The data that follows must be transcribed in full and exactly, minus the pictures.
BEGIN Data in this exercise
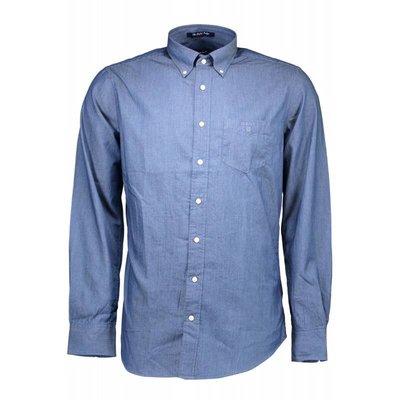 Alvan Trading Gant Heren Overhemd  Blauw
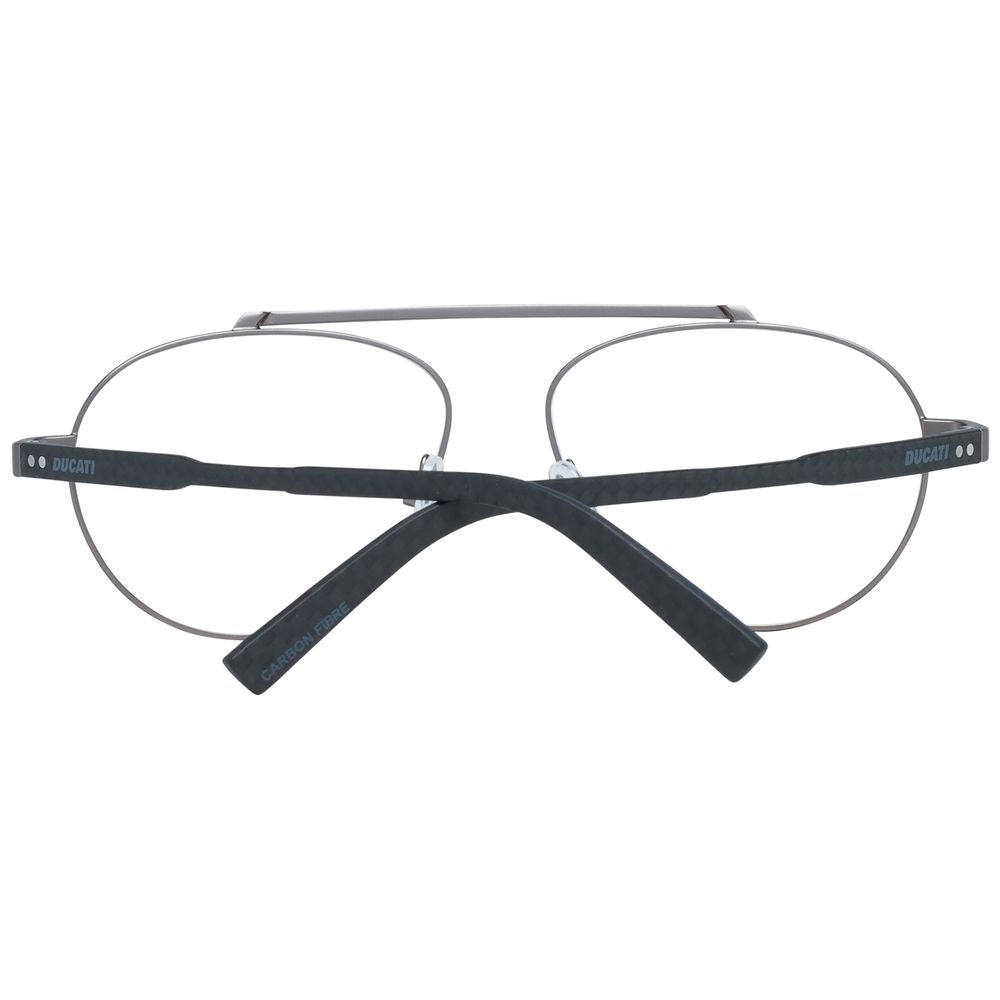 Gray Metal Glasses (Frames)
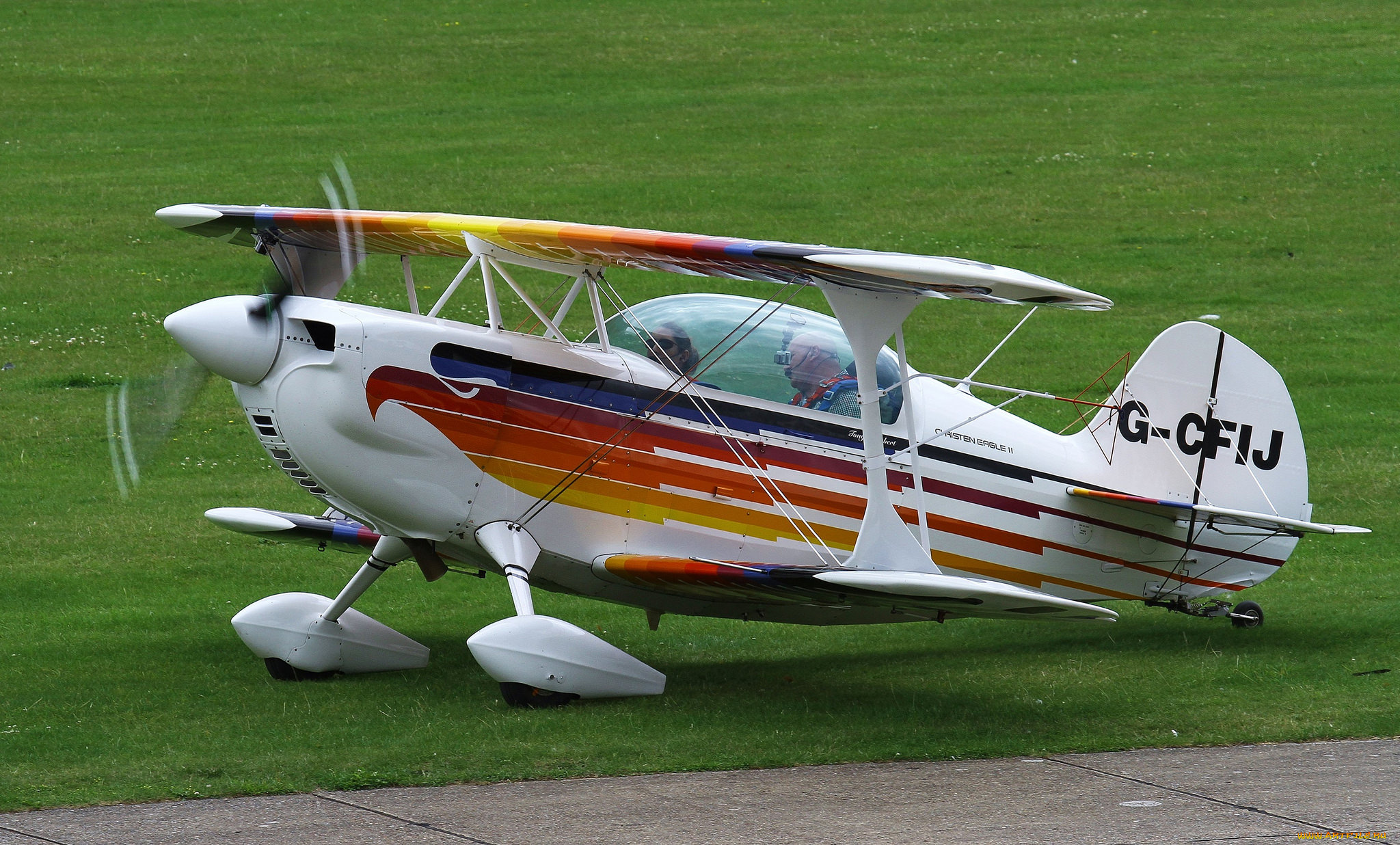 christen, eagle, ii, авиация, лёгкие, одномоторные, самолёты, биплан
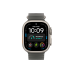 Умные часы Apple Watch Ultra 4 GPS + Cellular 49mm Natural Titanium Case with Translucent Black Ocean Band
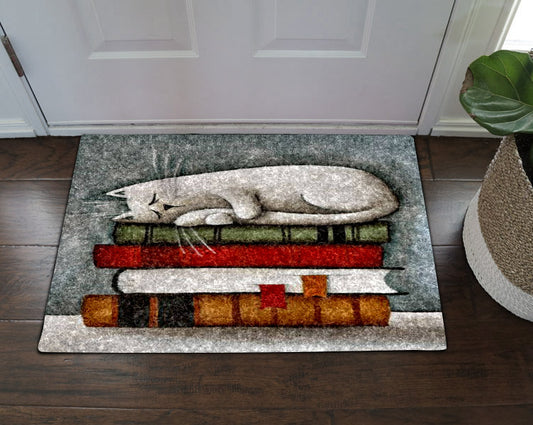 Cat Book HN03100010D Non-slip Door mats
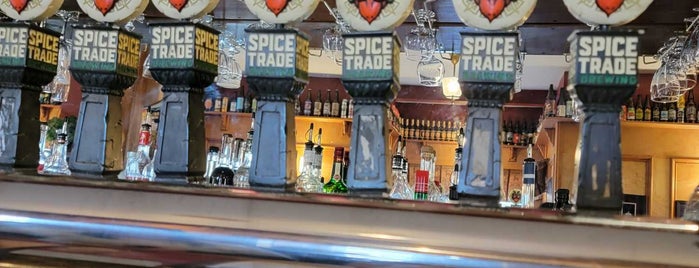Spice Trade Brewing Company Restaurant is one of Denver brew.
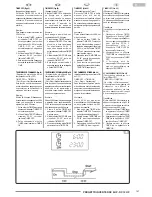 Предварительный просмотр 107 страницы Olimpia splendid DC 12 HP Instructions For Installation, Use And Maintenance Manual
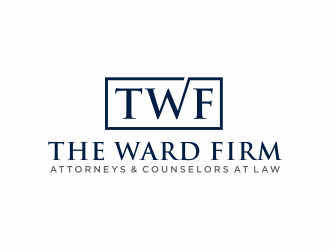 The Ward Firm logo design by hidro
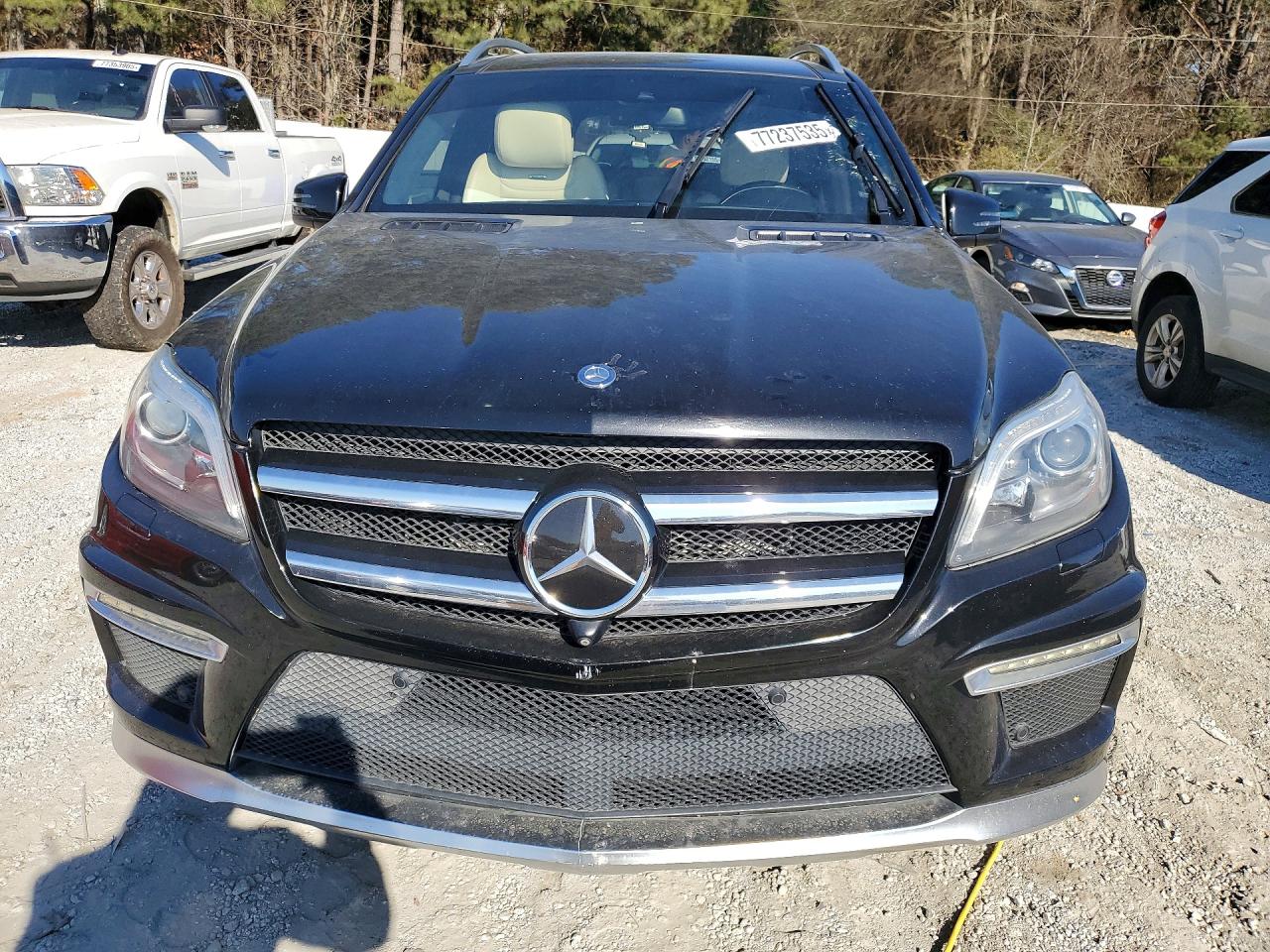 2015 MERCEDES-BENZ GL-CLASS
END Data in this exercise
**Worked solution:**
 Alvan Trading Gant Heren Overhemd  Blauw
 Gray Metal Glasses (Frames)
 christen, eagle, ii, авиация, лёгкие, одномоторные, самолёты, биплан
 Умные часы Apple Watch Ultra 4 GPS + Cellular 49mm Natural Titanium Case with Translucent Black Ocean Band
 Cat Book HN03100010D Non-slip Door mats
Spice Trade Brewing Company Restaurant is one of Denver brew.
 Предварительный просмотр 107 страницы Olimpia splendid DC 12 HP Instructions For Installation, Use And Maintenance Manual
 The Ward Firm logo design by hidro
 2015 MERCEDES-BENZ GL-CLASS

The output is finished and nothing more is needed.